Un’intera stagione poetica che parte dalla metà degli anni sessanta e arriva ai giorni nostri, un periodo letterario che prevede «l’ingresso e la stabilizzazione di un linguaggio fortemente parlato; la perdita di centralità del soggetto poetante; il rapporto con le grandi questioni del pensiero, e in particolare con il nichilismo nelle sue varie espressioni, la presenza di motivi e strutture antropologiche; scomparsi che ritornano, visioni arcaiche dell’essere, animismo della natura, oggetti e realtà che guardano e interrogano» (si veda la raccolta antologica edita da Einaudi a cura di Enrico Testa, Dopo la lirica. Poeti italiani 1960-2000 da cui sono prese le citazioni del presente articolo). Viviani sviluppa tutte queste suggestioni – e non a caso nell’antologia di Testa sono presenti tutti i modelli del poeta senese: Luzi, Fortini, Zanzotto, Giudici, Raboni, ma anche Porta, Cacciatore, Rosselli – risultando «forse quello che ha poi compiuto il percorso più ricco e complesso, caratterizzato da netti mutamenti formali e da una sostanziale fedeltà a pochi principi di fondo». E proprio questa fedeltà nei confronti della realtà e in particolare della sua incomprensibilità e del suo concetto di “limite”, sono il tratto fondamentale e unico della poesia di Viviani. Quella realtà «che assume, in sintesi, l’aspetto – anche nella devastazione odierna – di una figura di reverenza verso l’esistente, il suo possibile senso e le sue relazioni: trascendenti e simboliche perché quotidiane».
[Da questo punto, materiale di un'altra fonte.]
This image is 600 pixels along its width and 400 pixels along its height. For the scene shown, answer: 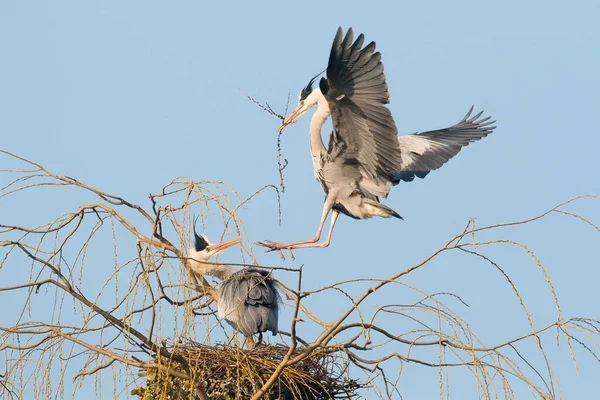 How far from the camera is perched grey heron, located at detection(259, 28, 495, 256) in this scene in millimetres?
Answer: 6445

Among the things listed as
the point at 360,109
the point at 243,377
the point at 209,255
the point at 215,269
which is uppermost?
the point at 360,109

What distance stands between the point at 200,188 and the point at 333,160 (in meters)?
3.40

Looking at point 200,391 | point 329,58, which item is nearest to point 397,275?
point 200,391

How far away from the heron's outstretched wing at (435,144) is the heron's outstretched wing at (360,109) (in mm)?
1310

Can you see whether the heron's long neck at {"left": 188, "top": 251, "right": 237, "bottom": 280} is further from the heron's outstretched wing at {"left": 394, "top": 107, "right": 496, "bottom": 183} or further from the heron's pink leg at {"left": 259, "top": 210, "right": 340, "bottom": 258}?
the heron's outstretched wing at {"left": 394, "top": 107, "right": 496, "bottom": 183}

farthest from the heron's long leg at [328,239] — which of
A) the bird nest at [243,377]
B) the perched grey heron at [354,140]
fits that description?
the bird nest at [243,377]

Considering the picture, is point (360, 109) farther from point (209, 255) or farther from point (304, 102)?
point (209, 255)

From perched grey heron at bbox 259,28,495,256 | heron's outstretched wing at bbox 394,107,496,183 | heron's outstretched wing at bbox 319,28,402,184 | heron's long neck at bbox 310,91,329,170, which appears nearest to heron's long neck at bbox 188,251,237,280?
perched grey heron at bbox 259,28,495,256

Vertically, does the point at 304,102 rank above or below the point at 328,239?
above

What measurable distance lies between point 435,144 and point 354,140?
2.47 m

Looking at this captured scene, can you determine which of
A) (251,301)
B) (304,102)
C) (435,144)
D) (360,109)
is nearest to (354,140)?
(360,109)

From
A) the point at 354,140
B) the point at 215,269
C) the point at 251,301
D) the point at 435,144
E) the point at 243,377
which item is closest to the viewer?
the point at 243,377

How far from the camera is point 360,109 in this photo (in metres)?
6.73

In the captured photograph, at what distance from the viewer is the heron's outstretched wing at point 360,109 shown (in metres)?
6.38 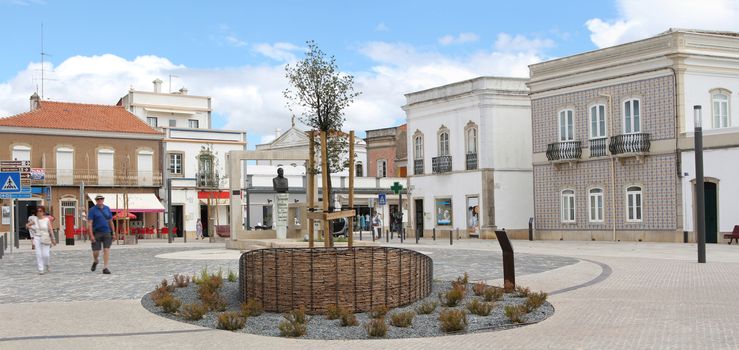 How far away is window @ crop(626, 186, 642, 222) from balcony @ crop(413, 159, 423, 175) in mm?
15141

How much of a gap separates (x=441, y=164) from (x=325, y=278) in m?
37.0

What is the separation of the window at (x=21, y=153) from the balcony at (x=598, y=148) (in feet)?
105

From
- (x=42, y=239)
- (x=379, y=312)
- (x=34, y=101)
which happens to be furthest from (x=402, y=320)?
(x=34, y=101)

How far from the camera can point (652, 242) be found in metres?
35.4

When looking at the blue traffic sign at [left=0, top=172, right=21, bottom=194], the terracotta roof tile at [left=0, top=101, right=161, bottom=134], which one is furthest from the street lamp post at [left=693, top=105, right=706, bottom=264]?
the terracotta roof tile at [left=0, top=101, right=161, bottom=134]

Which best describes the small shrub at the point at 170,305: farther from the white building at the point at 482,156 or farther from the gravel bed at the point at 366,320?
the white building at the point at 482,156

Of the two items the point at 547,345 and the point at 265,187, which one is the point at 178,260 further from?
the point at 265,187

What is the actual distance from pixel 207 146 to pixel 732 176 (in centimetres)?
3447

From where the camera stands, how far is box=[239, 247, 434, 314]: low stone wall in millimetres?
11047

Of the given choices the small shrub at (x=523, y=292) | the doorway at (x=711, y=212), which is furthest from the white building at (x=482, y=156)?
the small shrub at (x=523, y=292)

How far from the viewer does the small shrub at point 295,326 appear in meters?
9.68

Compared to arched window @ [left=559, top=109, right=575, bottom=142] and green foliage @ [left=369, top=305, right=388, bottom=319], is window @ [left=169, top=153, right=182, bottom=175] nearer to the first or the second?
arched window @ [left=559, top=109, right=575, bottom=142]

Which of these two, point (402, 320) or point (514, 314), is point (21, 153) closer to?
point (402, 320)

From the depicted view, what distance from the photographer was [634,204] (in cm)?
3659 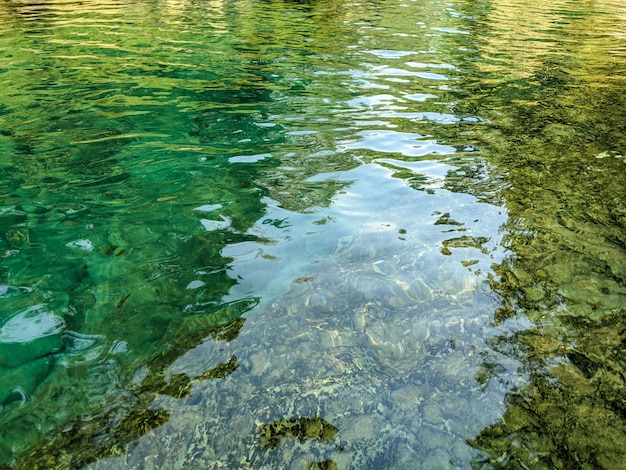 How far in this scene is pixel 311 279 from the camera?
419 cm

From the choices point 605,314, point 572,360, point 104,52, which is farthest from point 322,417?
point 104,52

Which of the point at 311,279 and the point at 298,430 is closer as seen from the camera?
the point at 298,430

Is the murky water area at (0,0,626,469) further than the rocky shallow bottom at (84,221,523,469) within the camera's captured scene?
Yes

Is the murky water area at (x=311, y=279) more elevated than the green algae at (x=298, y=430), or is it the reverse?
the murky water area at (x=311, y=279)

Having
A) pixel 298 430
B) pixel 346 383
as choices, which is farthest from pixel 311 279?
pixel 298 430

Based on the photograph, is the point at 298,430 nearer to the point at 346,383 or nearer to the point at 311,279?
the point at 346,383

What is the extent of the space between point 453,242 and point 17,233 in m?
4.71

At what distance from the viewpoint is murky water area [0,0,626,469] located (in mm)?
2783

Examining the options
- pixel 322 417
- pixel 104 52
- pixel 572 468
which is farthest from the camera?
pixel 104 52

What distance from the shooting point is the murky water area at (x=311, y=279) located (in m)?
2.78

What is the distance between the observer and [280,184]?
5.94 m

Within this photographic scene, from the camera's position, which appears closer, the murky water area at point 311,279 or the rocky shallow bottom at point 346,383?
the rocky shallow bottom at point 346,383

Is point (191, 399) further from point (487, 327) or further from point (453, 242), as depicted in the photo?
point (453, 242)

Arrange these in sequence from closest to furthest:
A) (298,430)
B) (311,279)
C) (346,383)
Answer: (298,430) < (346,383) < (311,279) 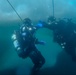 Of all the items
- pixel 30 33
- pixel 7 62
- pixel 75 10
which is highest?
pixel 75 10

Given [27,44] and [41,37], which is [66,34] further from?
[41,37]

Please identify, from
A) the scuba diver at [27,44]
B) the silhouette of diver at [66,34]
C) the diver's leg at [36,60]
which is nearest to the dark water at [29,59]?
the silhouette of diver at [66,34]

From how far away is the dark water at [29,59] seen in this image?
15.0 m

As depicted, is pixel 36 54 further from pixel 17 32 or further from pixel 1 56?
pixel 1 56

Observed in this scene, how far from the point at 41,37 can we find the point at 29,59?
282 cm

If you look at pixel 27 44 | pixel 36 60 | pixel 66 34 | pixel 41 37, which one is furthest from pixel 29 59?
pixel 27 44

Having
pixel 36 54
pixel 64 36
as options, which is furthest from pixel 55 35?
pixel 36 54

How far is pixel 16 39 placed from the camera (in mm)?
8406

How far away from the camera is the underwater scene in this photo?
328 inches

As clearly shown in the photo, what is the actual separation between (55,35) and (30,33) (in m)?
1.89

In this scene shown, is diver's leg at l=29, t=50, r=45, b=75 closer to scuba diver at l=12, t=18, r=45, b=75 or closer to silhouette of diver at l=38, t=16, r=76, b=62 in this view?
scuba diver at l=12, t=18, r=45, b=75

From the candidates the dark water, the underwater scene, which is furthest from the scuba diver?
the dark water

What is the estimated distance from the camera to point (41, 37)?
1830 cm

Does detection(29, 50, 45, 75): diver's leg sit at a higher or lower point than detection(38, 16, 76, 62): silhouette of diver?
lower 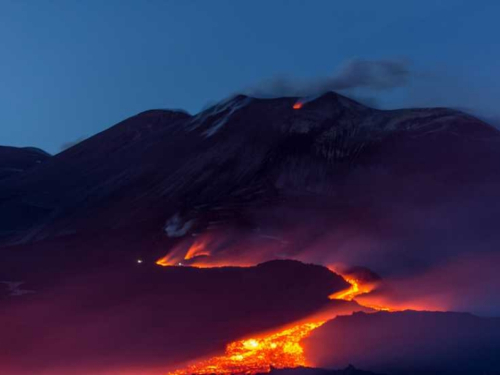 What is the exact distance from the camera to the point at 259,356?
54.2 feet

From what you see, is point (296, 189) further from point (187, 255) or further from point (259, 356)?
point (259, 356)

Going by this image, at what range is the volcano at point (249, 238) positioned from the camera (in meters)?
18.9

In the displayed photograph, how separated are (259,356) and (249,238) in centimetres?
1676

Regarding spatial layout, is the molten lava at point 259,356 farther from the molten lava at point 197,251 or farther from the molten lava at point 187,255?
the molten lava at point 197,251

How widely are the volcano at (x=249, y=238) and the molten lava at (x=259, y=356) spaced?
0.08 meters

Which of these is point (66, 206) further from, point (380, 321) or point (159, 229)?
point (380, 321)

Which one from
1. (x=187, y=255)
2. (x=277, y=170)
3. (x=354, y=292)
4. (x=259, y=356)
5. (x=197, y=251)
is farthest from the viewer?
(x=277, y=170)

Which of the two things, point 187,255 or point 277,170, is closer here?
point 187,255

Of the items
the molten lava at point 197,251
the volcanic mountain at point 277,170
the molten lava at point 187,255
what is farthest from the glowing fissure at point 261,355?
the volcanic mountain at point 277,170

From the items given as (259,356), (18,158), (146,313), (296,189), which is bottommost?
(259,356)

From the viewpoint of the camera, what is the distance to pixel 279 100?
54.5 meters

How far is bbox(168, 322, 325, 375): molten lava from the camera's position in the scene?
50.7ft

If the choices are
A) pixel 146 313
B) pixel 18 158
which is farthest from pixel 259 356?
pixel 18 158

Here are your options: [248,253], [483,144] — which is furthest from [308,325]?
[483,144] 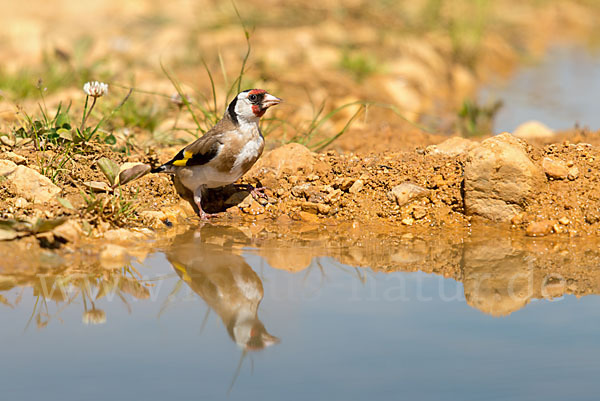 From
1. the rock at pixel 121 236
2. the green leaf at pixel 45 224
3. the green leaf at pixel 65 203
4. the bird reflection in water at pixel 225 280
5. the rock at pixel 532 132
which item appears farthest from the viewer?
the rock at pixel 532 132

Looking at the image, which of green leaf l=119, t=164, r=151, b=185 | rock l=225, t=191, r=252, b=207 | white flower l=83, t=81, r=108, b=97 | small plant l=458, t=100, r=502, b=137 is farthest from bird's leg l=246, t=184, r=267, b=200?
small plant l=458, t=100, r=502, b=137

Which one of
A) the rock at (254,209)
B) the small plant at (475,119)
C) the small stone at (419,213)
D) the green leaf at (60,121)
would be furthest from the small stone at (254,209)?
the small plant at (475,119)

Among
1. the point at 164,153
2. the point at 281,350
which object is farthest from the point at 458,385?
the point at 164,153

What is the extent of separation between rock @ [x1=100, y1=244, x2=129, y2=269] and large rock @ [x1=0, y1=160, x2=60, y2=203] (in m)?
0.91

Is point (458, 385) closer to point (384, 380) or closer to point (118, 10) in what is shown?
point (384, 380)

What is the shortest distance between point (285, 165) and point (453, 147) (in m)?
1.23

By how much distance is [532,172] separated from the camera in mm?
4613

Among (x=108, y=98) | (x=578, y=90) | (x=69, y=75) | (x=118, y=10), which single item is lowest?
(x=108, y=98)

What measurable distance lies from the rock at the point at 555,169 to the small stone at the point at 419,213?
0.83 metres

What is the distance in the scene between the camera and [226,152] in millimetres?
4742

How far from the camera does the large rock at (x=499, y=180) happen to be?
4551 mm

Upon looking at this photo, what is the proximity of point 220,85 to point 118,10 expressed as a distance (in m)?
5.59

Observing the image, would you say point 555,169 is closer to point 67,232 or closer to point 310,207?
point 310,207

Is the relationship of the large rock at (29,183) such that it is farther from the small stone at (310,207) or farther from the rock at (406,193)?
the rock at (406,193) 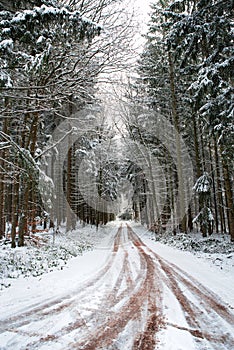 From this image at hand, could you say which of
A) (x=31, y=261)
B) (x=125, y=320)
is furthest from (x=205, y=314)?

La grandezza di Viviani sta nell’aver percorso strade differenti per approdare comunque al risultato già prefissato fin dalla prima raccolta, una grandezza, come tutte quelle veramente “grandi”, fatta di umiltà e ricerca continua unite a un notevole talento poetico. È una poesia che si muove per coazione a ripetere e che allo stesso tempo sente la necessità impellente di cambiare e di interrogarsi nuovamente; una poesia vera che ha il coraggio di mettersi in discussione e di sperimentare il limite, suo e forse anche universale, sulla propria pelle e quindi su quella esistenziale del poeta. Un percorso complesso e articolato in dodici raccolte che riesce meravigliosamente a darsi sempre la stessa risposta: il senso del limite, quello posto appunto “dopo la lirica”, è la poesia stessa.